Leopoldo Janesich (1802-1880) set up his firm in the north eastern Italian coastal city of Trieste on the Capo di Piazzi. Dalmatian by birth, Leopoldo had spent his twenties gaining hands on experience in workshops and by his mid thirties was both an accomplished draughtsman and goldsmith. He began by selling both jewellery and silverware to clients such as bankers, ship owners and merchants who gravitated to Trieste, at this time one of the largest and most important seaports in the Mediterranean. It was also a popular holiday destination for wealthy Austrians who quickly became enamoured of the fine quality jewels he was selling.
As his success grew he was able to establish connections with suppliers and clients throughout Italy including Florence, Rome and Venice. Further afield he looked to Vienna and Hanau but it was his son Giovanni (1836-1927) who would take the name Janesich to France where, after many years of visiting for business, he finally established a branch in Paris on the Rue de Lafayette in 1896. Giovanni’s son Alberto moved to Paris to manage the business and he focused on building the firm’s reputation not only for producing fine jewellery but also as a dealer in precious gemstones and pearls. Alberto’s brother Giuseppe took over the management of the shop in Trieste and between them they fostered relationships with many of the top jewellery houses of the period including Bulgari in Italy and Boucheron, Vever and Chaumet in France. Goods were frequently exchanged between the two locations with pieces made in Paris sold in Trieste and vice versa. Giovanni remained actively involved with both branches and helped his sons to promote the company whilst Alberto settled into life in his new home town and quickly established himself in Parisian high society which of course helped tremendously in acquiring new clients.
He opened an office in London at 179 New Bond Street and by 1913 was in a position to be able to take on another two premises, one situated on Paris’s fashionable rue de la Paix at number 19 and the other in Monte Carlo, opposite the world famous casino. Both locations proved successful, however the outbreak of World War I the following year had a great impact on the firm, as it did so many others. When peace returned so did Janesich’s customers and the decision was made to expand the company further with branches opened in the fashionable French resort towns of Deauville and Vichy. The firm was producing wonderfully fine diamond and gem set jewellery which attracted a wealthy and distinguished clientele including European royalty and aristocracy and in 1925 they were awarded the Royal Warrant of the House of Savoy.

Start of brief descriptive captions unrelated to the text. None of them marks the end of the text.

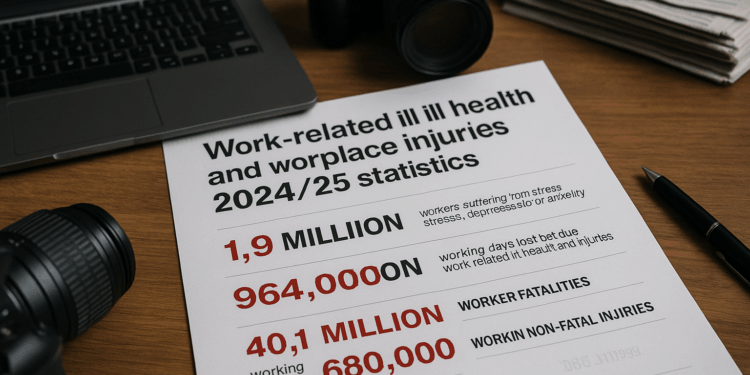 Work-related ill health in Great Britain remains a concern after pandemic peak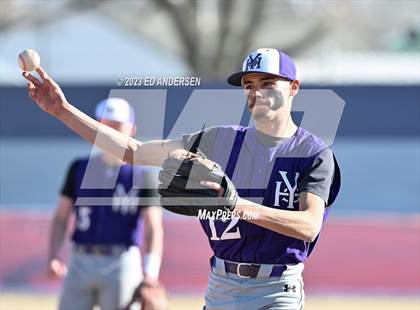 Thumbnail 3 in Fernley vs Yerington (Yerington Tournament) photogallery.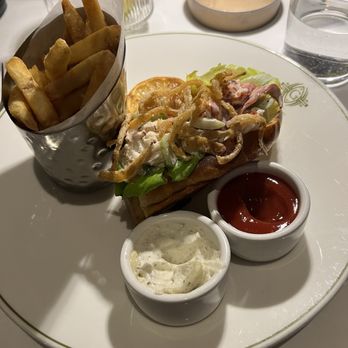 The Gage - Lobster Roll - New American Near Me - Chicago, Illinois The Gage - Lobster Roll - New American Near Me - Chicago, Illinois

The 1920’s and 30’s were a particularly rich and fruitful period for the firm and they excelled at producing both jewellery and accessories in the fashionable modern style that would become known as Art Deco. They worked with some of the best designers and craftsmen including Alfred Langlois who specialised in decorative compacts and cases (for which Janesich became well known) and who also collaborated with houses such as Van Cleef & Arpels and Boucheron. The watch manufacturers Baume et Mercier supplied the mechanisms for the company’s elegant and stylish watches, some of which were highly original in design. Giuseppe’s son Pietro (known as Momo) joined the company in 1927 the same year as his Grandfather passed away and was soon contributing significantly to the success of the firm.

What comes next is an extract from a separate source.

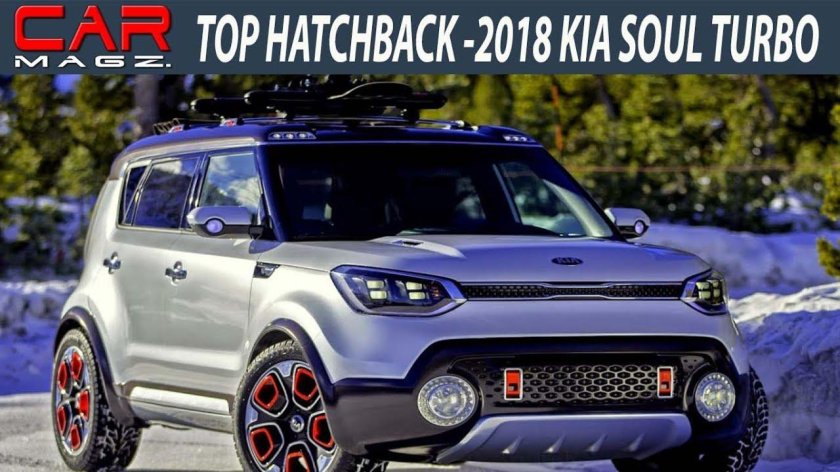 Киа соул Trailster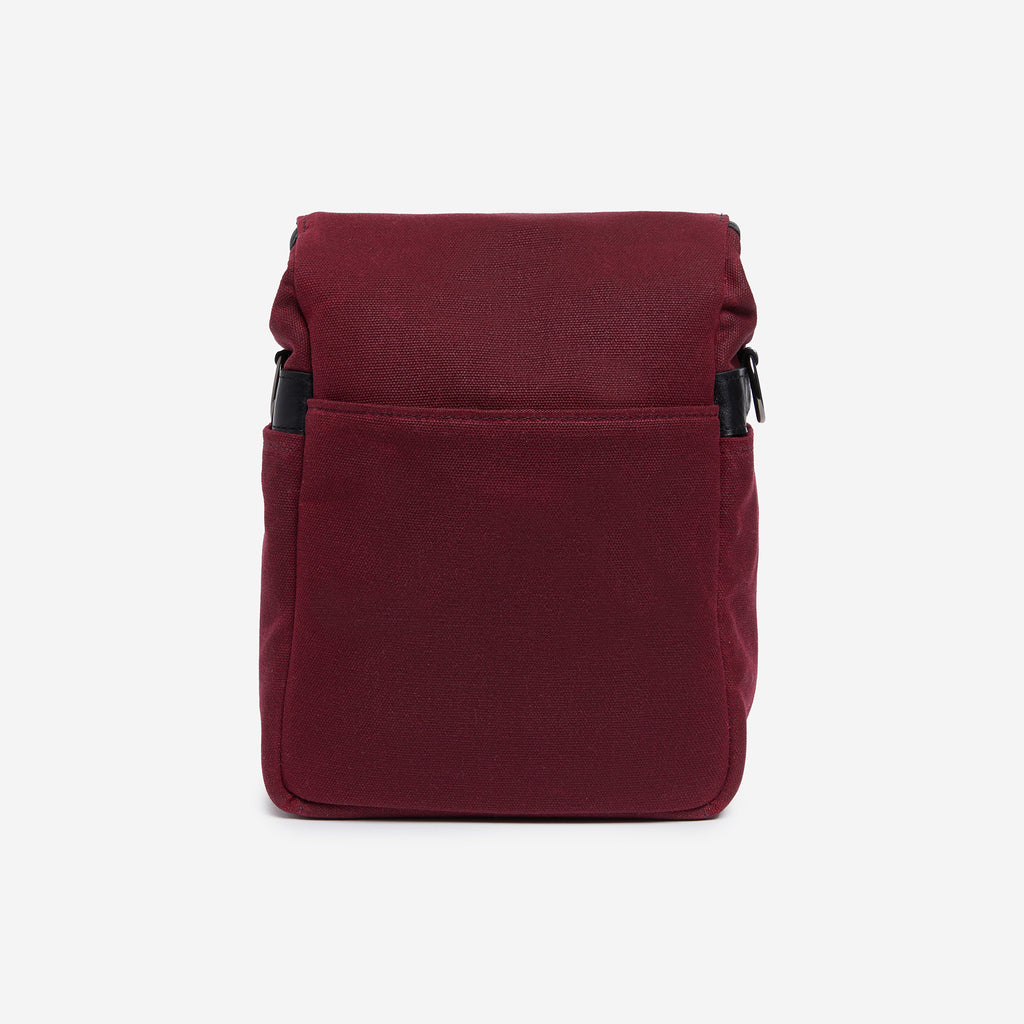The Bond Street - Burgundy Waxed Canvas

Alberto passed away in 1933 and Giuseppe in 1937 meaning that by the time the Second World War broke out Pietro was running the company alone. Some of the braches had already been closed and it was now that Pietro decided to return home to Italy and to Trieste from where he continued to work until his death in 1971. Today the business is still operating in Trieste, run by Francesco, the sixth generation of Janesich to head up this family firm with its rich history of beautifully designed and crafted fine jewels and accessories.